Forget about the price tag?

Although Romford's finest, Jessie J., may advise a casual attitude to value, this is not an approach the enforcement agent can afford.  Sch.12 para.12 of the 2007 Act states that (subject to some exceptions) agents may not take control of goods where the aggregate value is more than the amount outstanding and the amount of future costs.  This is a restatement of the principle of "excessive seizure" which is the oldest rule of English enforcement law.  The basic elements of rights of entry were laid down from the 14th century; the concept of excessive levying was already established by the latter half of the 13th century, when the Statute of Marlborough 1267 confirmed the common law rules in statute (see my Bailiff Law volume 1, A lawful trespass, chapters 6, 4 & 7 and my Sources of Bailiff Law chapters 1 and 7).
Much of the established case law and practice on this ought, it seems, to be safely imported from the laws of distraint (see my Taking control of goods 13.9 and Bailiff Studies Centre Practice Note number 1).  Nonetheless, the new law creates three new questions for parties to debate.

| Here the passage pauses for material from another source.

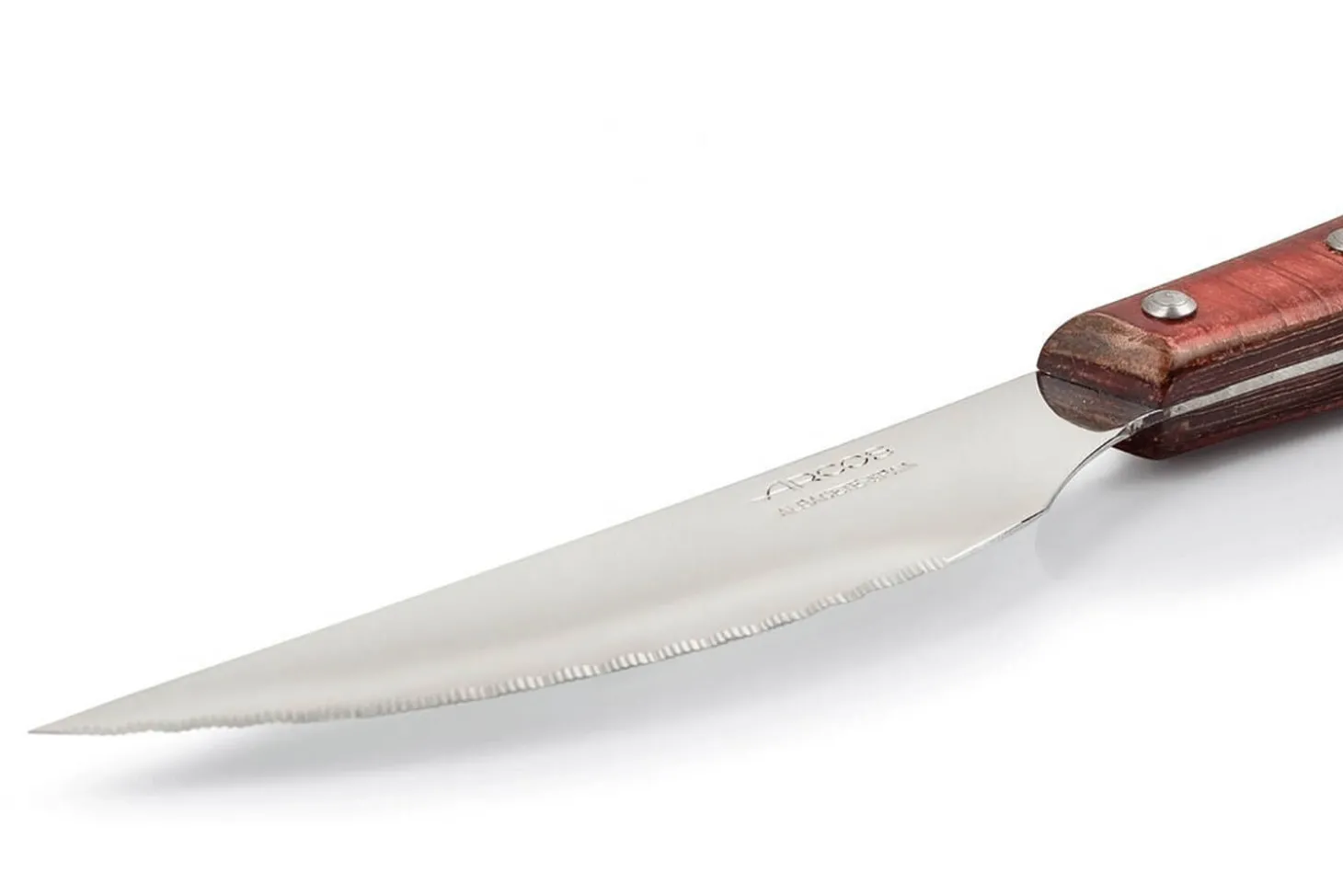 Coffret de 6 couteaux à steak/pizza Arcos lame dentelée 11cm manche en bois de peuplier rouge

  1. Paragraph 12 is one example of several references to the 'aggregate value' of goods.  This phrase is not defined, but presumably a bailiff has to assess value on the basis of what will be raised at auction or other disposal.  It is hard to conceive what other measure would be reasonable or workable, but I may be mistaken in my assumption.

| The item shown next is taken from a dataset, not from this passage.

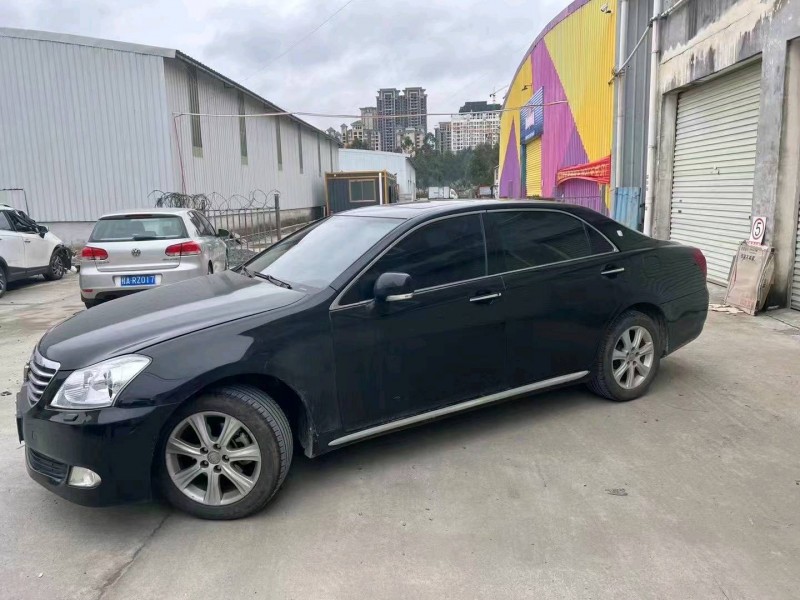 佛山10年豐田皇冠3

  2. The legislation appears to anticipate a very close parity between the sums due and the value of the goods taken into control.  How much margin for error should an agent be allowed to protect against the vagaries of the sale process and his/her own errors in valuation?  Some latitude is permitted, it is clear.  If too little is taken, a bailiff may return later in limited circumstances; if the chattels' price subsequently rises, the agent is not penalised (para.12(4)).  Even so, it appears that a very high level of accuracy is demanded on the day that control is taken.
  3. Para.12(3) states that "goods are above a given value only if it is or ought to be clear to the enforcement agent that they are."  What 'clear' evidence should an agent rely upon?  The agent has to sell for the 'best price' (para.37(1)); what s/he anticipates this is likely to be must be a powerful, if not the sole, determinant of the value of an item.  In a dispute between debtor and creditor over a taking into control, to what could they turn for guidance as to a fair valuation of chattels?  
It is clear then that the onus is upon agents to conduct a precise estimation at the time of taking (though they will have to provide a written valuation at the time of removal under reg.35 and para.36).  I would welcome readers views on the problems and practicalities of this process.